Que todos e cada um dos nossos passos sejam “precedidos, suscitados, inspirados, dirigidos, acompanhados, santificados e sustentados até ao fim” pelo Espírito de Deus que é Amor. Divinizamos aqueles que amamos e somos divinizados amando! A existência é proexistência! Só é livre quem ama!

“Ide anunciar a João o que ouvis e vedes: os cegos veem, os coxos andam, os leprosos são purificados e os surdos ouvem e os mortos ressuscitam e os pobres são evangelizados”! João é o primeiro cego que recebe a vista, o primeiro pobre que é evangelizado! O Messias, segundo as Escrituras, (por dezasseis vezes Mateus remete, explicitamente, para o cumprimento das Escrituras) não é à imagem dos que usam a força para impor a sua vontade; o Messias, segundo as Escrituras, usa o seu poder para perdoar e perdoar é criar, é transformar o pecador em justo! Não reina desde fora mas sim no coração da gente! “O Rei é servo e o servo irmão…”!

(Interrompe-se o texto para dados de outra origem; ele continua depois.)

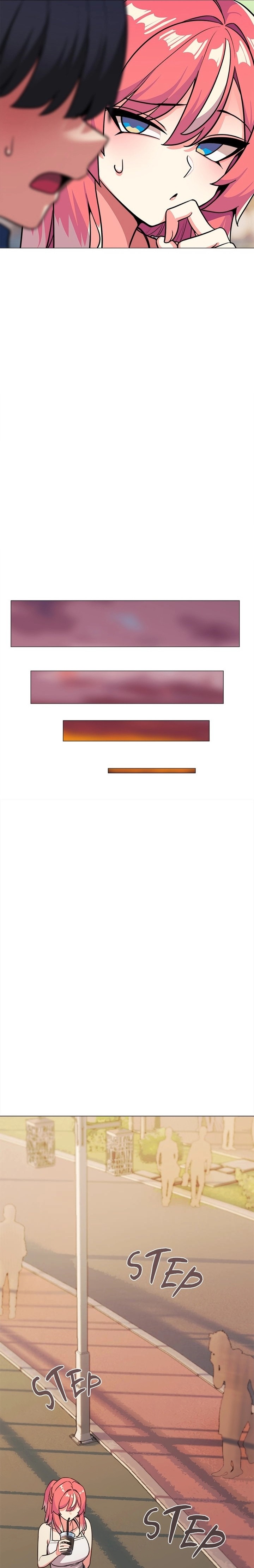 Stop Smoking Raw - Chapter 23 [photo 13] - MangaPorn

Karl Rahner afirmou, no século passado, que “o cristão de amanhã ou será místico ou não será cristão” e Walter Kasper afirmou que “o futuro da Igreja será determinado pelos orantes e a Igreja do futuro será, sobretudo, uma Igreja orante”. A espiritualidade cristã é uma espiritualidade de comunhão, a relação Discípulo/Mestre é uma relação de comunhão pelo Espírito. A rutura entre a ética e a mística (1 Cor 13) faz de nós gente esforçada e ora orgulhosa, ora desanimada e, por vezes, mesmo frustrada! (Nietzche). Rezar mais e correr menos, rezar mais e falar menos, rezar mais para ver melhor e para amar mais!…

“O seu nome será connosco Deus” (Mt 1,23). “Eu convosco sou todos os dias até ao fim dos tempos” (Mt 28,20); “Onde dois ou três estiverem reunidos em meu nome eu estou no meio deles (Mt 18,20); “Meu Pai o amará e nós viremos e faremos nele a nossa morada (Jo 14,23); “Tomai e comei, é o meu corpo, tomai e bebei, é o meu sangue” (Mt 26, 26-28); “Sempre que o fizeste ao mais pequeno, foi a Mim” (Mt 25, 39-40)… Deus é o eterno presente, é Mistério a contemplar e não a aprisionar em tempos verbais! O Senhor está connosco, a vida é-me dada a cada instante, o Senhor vem e é na sua eternidade que consuma a sua Revelação Gloriosa (Apocalipse)!… Vem Senhor!

E porque sou filho duma família cristã e duma aldeia cristã, como tantos de nós, onde fomos iniciados na Alegria, na Beleza e na Liberdade de nascer, crescer, viver e morrer nas virtudes teologais da Fé, da Esperança e da Caridade cristãs, porque hoje é o Dia do Senhor, Dia primeiro e Dia oitavo, Dia da Ressurreição e da Revelação…

“Volto a cantar e voltam-me à memória
As rústicas imagens
Que guardei na retina
De menino;
O repique do sino
Depois das negras horas da Paixão,
E a brejeira
Canção
Que num toco
Já oco
De cerdeira
– Flauta que um pica-pau lhe dera –
A seiva assobiava à primavera” (Miguel Torga).

Alegrai-vos! O Senhor vem! Vem Senhor!